▸ ASSIGNED TASK: Across the material below, how many lines contain the word "Used"? Give only the number.
○ ○ ○
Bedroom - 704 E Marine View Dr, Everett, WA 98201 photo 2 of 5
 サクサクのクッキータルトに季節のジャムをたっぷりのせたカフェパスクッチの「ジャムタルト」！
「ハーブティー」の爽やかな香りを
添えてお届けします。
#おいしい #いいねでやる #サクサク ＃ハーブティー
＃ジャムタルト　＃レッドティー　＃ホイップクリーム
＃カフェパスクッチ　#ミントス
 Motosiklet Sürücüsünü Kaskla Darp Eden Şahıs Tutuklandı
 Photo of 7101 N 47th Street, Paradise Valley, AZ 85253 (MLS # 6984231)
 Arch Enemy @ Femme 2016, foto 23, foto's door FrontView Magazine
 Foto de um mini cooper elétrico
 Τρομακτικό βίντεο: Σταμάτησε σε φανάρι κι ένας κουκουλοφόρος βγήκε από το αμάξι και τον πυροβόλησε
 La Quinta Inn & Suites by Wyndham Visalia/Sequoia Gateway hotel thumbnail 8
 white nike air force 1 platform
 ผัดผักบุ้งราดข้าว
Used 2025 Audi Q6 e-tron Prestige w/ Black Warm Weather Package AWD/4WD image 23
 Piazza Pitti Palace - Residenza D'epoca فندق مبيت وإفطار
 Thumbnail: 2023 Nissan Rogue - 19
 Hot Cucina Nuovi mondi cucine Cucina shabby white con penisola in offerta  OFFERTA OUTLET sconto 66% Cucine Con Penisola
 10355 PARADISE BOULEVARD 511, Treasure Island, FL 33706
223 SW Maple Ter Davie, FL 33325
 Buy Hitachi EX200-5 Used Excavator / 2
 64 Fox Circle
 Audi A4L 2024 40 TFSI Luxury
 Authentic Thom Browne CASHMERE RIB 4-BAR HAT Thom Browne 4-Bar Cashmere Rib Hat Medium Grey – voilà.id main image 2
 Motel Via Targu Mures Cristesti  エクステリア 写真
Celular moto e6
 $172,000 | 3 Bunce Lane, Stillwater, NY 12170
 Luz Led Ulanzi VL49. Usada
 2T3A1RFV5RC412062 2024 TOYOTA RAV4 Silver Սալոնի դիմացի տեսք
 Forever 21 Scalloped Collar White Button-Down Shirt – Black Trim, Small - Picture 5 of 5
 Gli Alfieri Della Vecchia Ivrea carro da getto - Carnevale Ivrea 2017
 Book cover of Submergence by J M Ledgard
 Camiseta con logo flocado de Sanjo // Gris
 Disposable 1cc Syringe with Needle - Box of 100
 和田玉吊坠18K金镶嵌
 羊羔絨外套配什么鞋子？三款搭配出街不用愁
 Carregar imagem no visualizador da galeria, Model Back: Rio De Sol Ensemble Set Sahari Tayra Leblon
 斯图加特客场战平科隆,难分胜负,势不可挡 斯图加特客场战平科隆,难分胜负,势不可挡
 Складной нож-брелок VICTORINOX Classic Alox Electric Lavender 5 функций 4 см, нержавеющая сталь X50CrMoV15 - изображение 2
○ ○ ○
▸ EXERCISE RESULT: 2